Reputation: 51
I need to run multiple queries from a single .SQL file but with different params I've tried something like this but it does not work as BigQueryIO.Read consumes only PBegin.
public PCollection<KV<String, TestDitoDto>> expand(PCollection<QueryParamsBatch> input) {
PCollection<KV<String, Section1Dto>> section1 = input.apply("Read Section1 from BQ",
BigQueryIO
.readTableRows()
.fromQuery(ResourceRetriever.getResourceFile("query/test/section1.sql"))
.usingStandardSql()
.withoutValidation())
.apply("Convert section1 to Dto", ParDo.of(new TableRowToSection1DtoFunction()));
}
Are there any other ways to put params from existing PCollection inside my BigQueryIO.read() invocation?
Upvotes: 1
Views: 682
Reputation: 51
I've come up with the following solution: not to use BigQueryIO but regular GCP library for accessing BigQuery, marking it as transient and initializing it each time in method with @Setup annotation, as it is not Serializable
public class DenormalizedCase1Fn extends DoFn<*> {
private transient BigQuery bigQuery;
@Setup
public void initialize() {
this.bigQuery = BigQueryOptions.newBuilder()
.setProjectId(bqProjectId.get())
.setLocation(LOCATION)
.setRetrySettings(RetrySettings.newBuilder()
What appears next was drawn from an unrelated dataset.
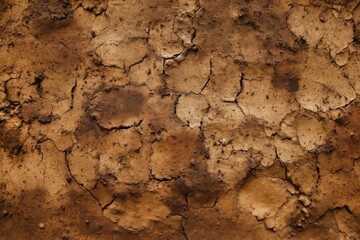 dry and cracked soil surface. Generative AI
.setRpcTimeoutMultiplier(1.5)
.setInitialRpcTimeout(Duration.ofSeconds(5))
.setMaxRpcTimeout(Duration.ofSeconds(30))
.setMaxAttempts(3).build())
.build().getService();
}
@ProcessElement
...
Upvotes: 0
Reputation: 2054
Are different queries/parameters available in the pipeline construction time ? If so you could just create multiple read transforms and combine results, for example, using a Flatten transform.
Beam Java BigQuery source does not support reading a PCollection
of queries currently. Python BQ source does though.
Upvotes: 1